- Exercise data -
——

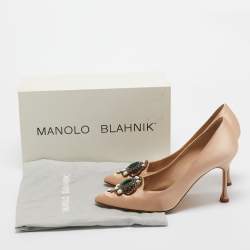 Pre Owned Manolo Blahnik Beige Satin Pearl Embellished Pointed Toe Pumps Size 38.5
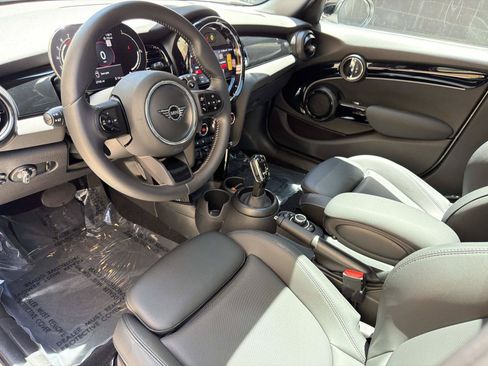 Certified 2023 MINI Cooper S FWD image 13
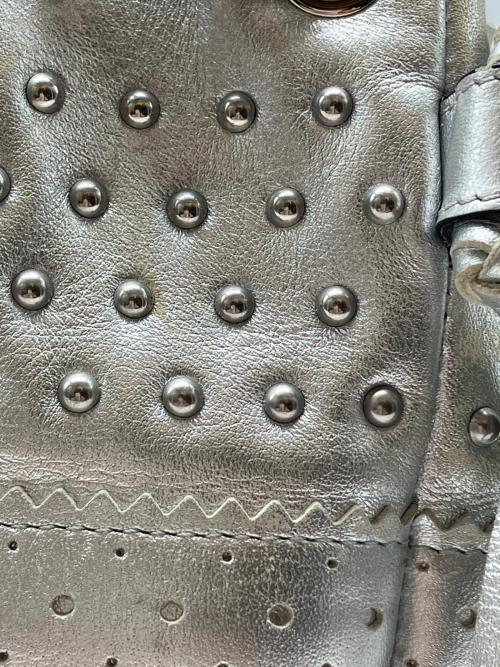 J&M DAVIDSON（ジェイ＆エム デヴィッドソン）J&M DAVIDSON (ジェイ＆エム デヴィッドソン) ショルダー巾着バッグ シルバーカラーの古着・服飾アイテム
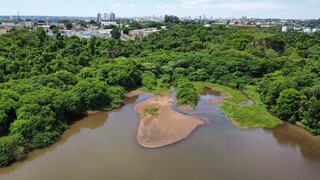 Enquanto alagamentos espalham medo, cidade falha no b&aacute;sico da manuten&ccedil;&atilde;o 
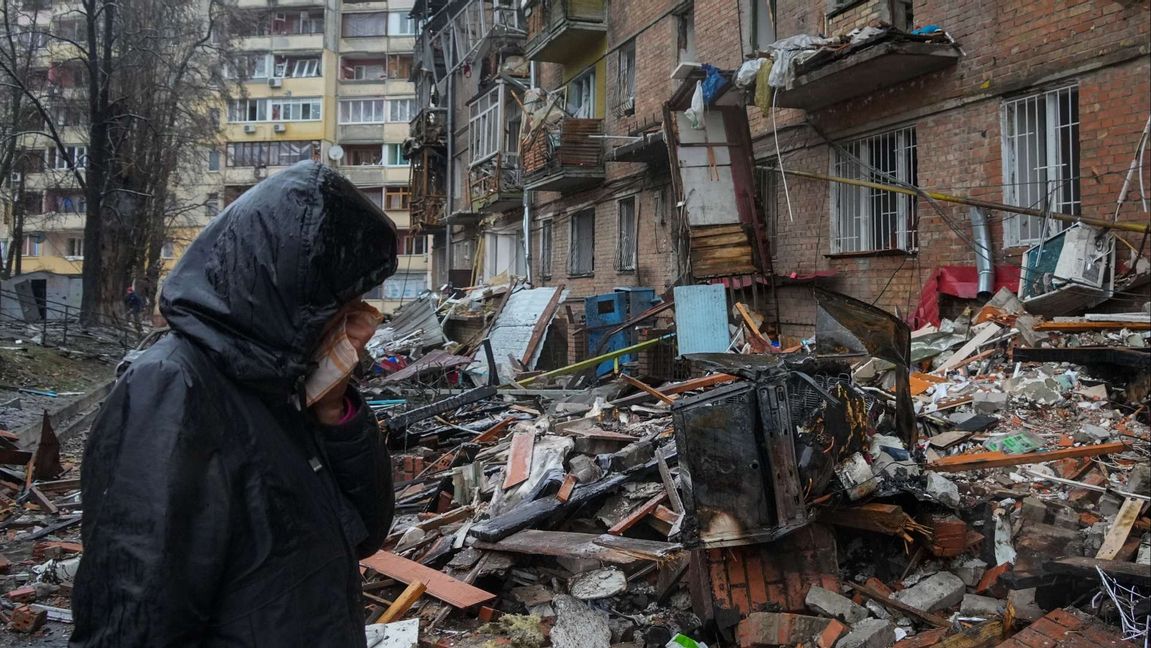 En kvinna utanför ett bostadshus i centrala Kiev. Foto: Efrem Lukatsky/AP/TT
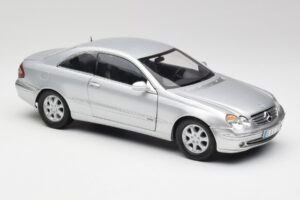 Mercedes CLK 500 C209 Hõbedane Kyosho 1:18 B66962144 Metall - pilt 6/8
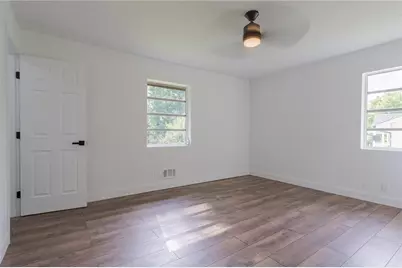 5207 Dixie Lake Road, Union City, GA 30291 - Photo 11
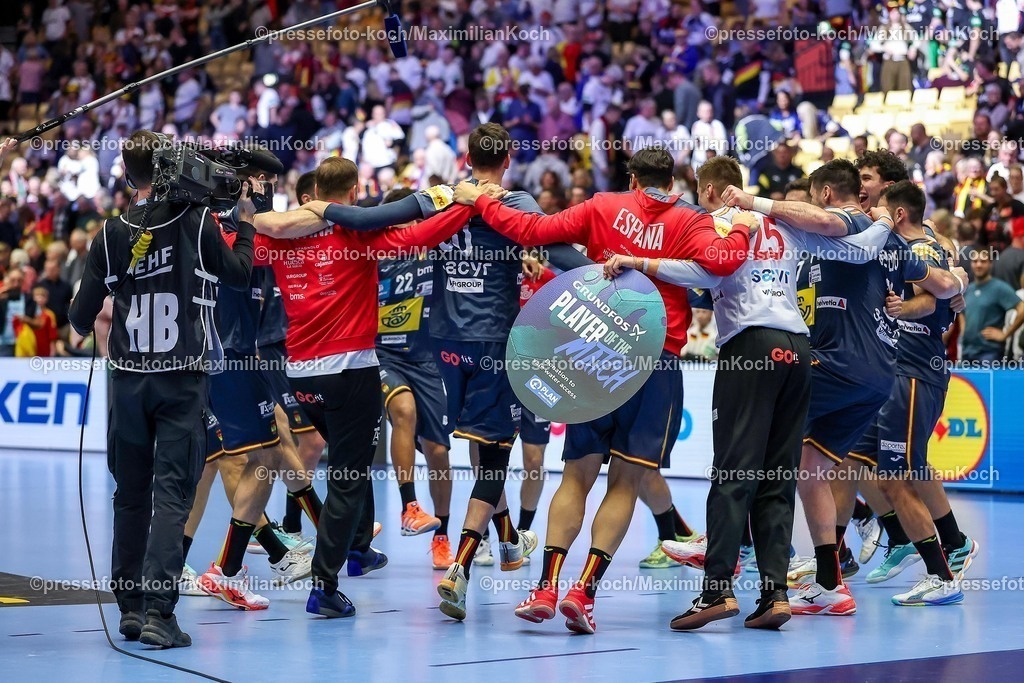 EHF17012601112 | 17.01.2026, Handball, Men's EHF EURO 2026, Österreich - Spanien, Jyske Bank Boxen in Herning, Dänemark, Preliminary Round: Abschlussjubel Spanien nach dem Sieg gegen Österreich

——

- Exercise directions -
Could you output every entry exactly as written, skipping the pictures?

- Answer section -
 Pre Owned Manolo Blahnik Beige Satin Pearl Embellished Pointed Toe Pumps Size 38.5
 Certified 2023 MINI Cooper S FWD image 13
 J&M DAVIDSON（ジェイ＆エム デヴィッドソン）J&M DAVIDSON (ジェイ＆エム デヴィッドソン) ショルダー巾着バッグ シルバーカラーの古着・服飾アイテム
 Enquanto alagamentos espalham medo, cidade falha no b&aacute;sico da manuten&ccedil;&atilde;o 
 En kvinna utanför ett bostadshus i centrala Kiev. Foto: Efrem Lukatsky/AP/TT
 Mercedes CLK 500 C209 Hõbedane Kyosho 1:18 B66962144 Metall - pilt 6/8
 5207 Dixie Lake Road, Union City, GA 30291 - Photo 11
 EHF17012601112 | 17.01.2026, Handball, Men's EHF EURO 2026, Österreich - Spanien, Jyske Bank Boxen in Herning, Dänemark, Preliminary Round: Abschlussjubel Spanien nach dem Sieg gegen Österreich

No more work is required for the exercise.